Serie: IT-Sicherheit
Teil 1 beschreibt die heutige IT-Sicherheitslage: Das Web bietet Angreifern bequeme Einfallstore. Teil 2 benennt die Lücken in Firmennetzwerken und zeigt die Tricks von Hackern und Spionen. Teil 3 skizziert die Zukunft der Gefahrenabwehr: System und Sicherheit unter einem Hut.

In den Anfängen der Botnetze lief die Kommunikation zwischen Bot und Master über Chatserver (IRC). Inzwischen nutzt die Fernsteuerung HTTP – und kommt so ungehindert durch jede beliebige Firewall, die Webtraffic über Port 80 zulässt. Auch verschlüsselte Kommunikation über Port 80 wurde zwischen Bot und Master schon beobachtet.
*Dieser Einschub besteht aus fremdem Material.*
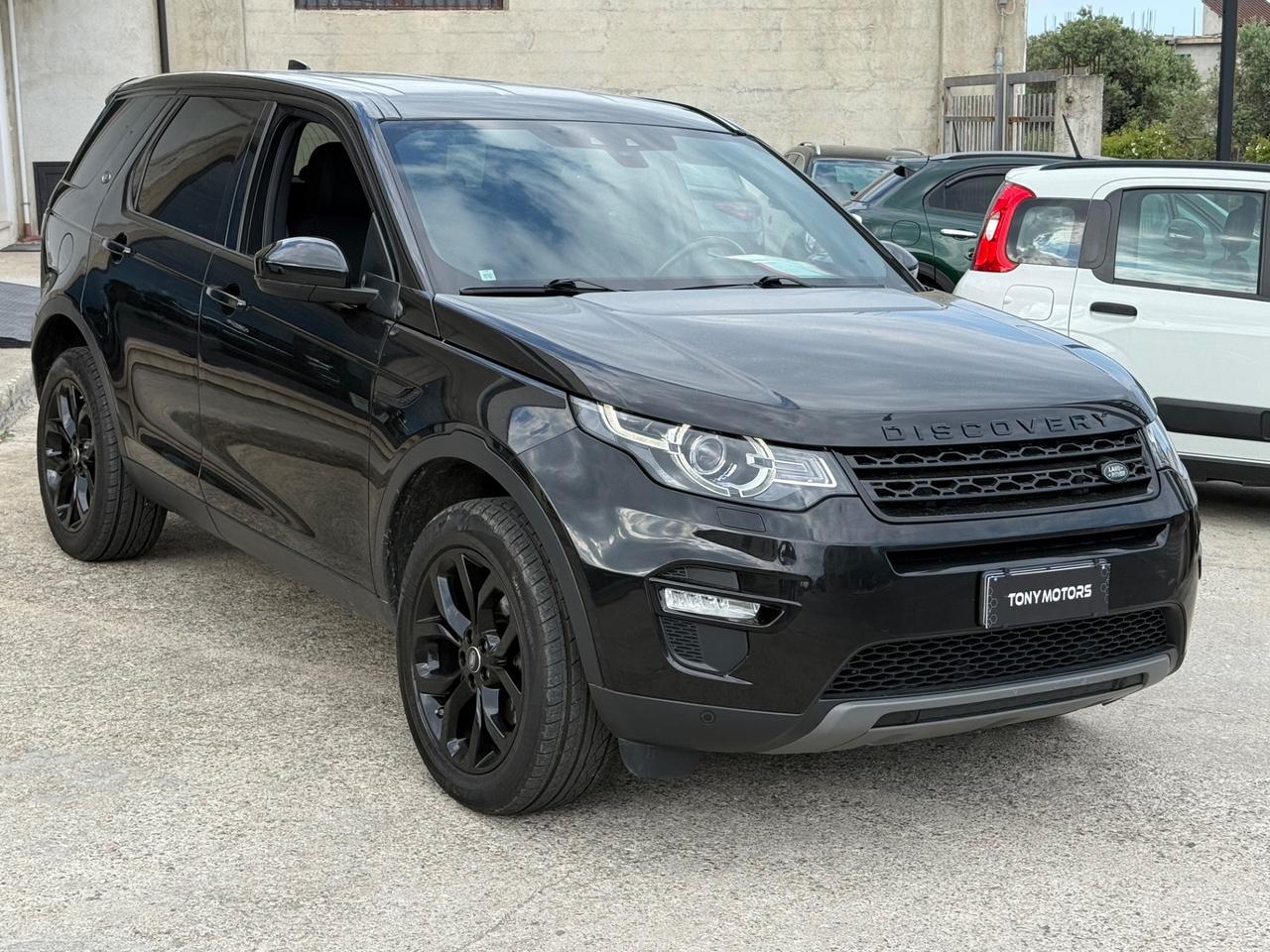 Land Rover Discovery Sport 2.0 TD4 150 CV HSE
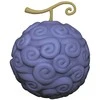 Usorteret Plastoy One Piece Gum-Gum Fruit money box figure 8cm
Die Kommandos aus der Ferne veranlassen verschiedenste Aktivitäten der Zombies: Sie versenden auf Kommando hundertausendfach Spam, leiten DDoS-Attacken ein (Distributed Denial of Service) – die Cyberattacken auf Georgien im Sommer 2008 gehen sehr wahrscheinlich auf das Konto eines von Russen kontrollierten Botnets – oder laden selbstständig neue Varianten des Bots mit neuen Funktionen nach. Das Asprox-Botnet konnte auf dem Höhepunkt seines schädlichen Treibens sogar per vollautomatischer SQL-Injection reguläre Websites mit bösartigen JavaScripts infizieren – um so noch mehr PCs unbedarfter Websurfer zu verseuchen.

Im Kampf gegen die Hydra

Zu Beginn waren die Netze relativ leicht auszuschalten: Es genügte, die unverschlüsselte Kommunikation zwischen Bot und Master zu belauschen, um so die IP-Adresse des Masters zu ermitteln und ihn dann vom Netz zu nehmen. Damit wurde die Befehlskette zwischen Command&Control-Server und hunderttausendfach verbreitetem Bot unterbrochen; die Zombies stellten nach und nach ihren Dienst ein.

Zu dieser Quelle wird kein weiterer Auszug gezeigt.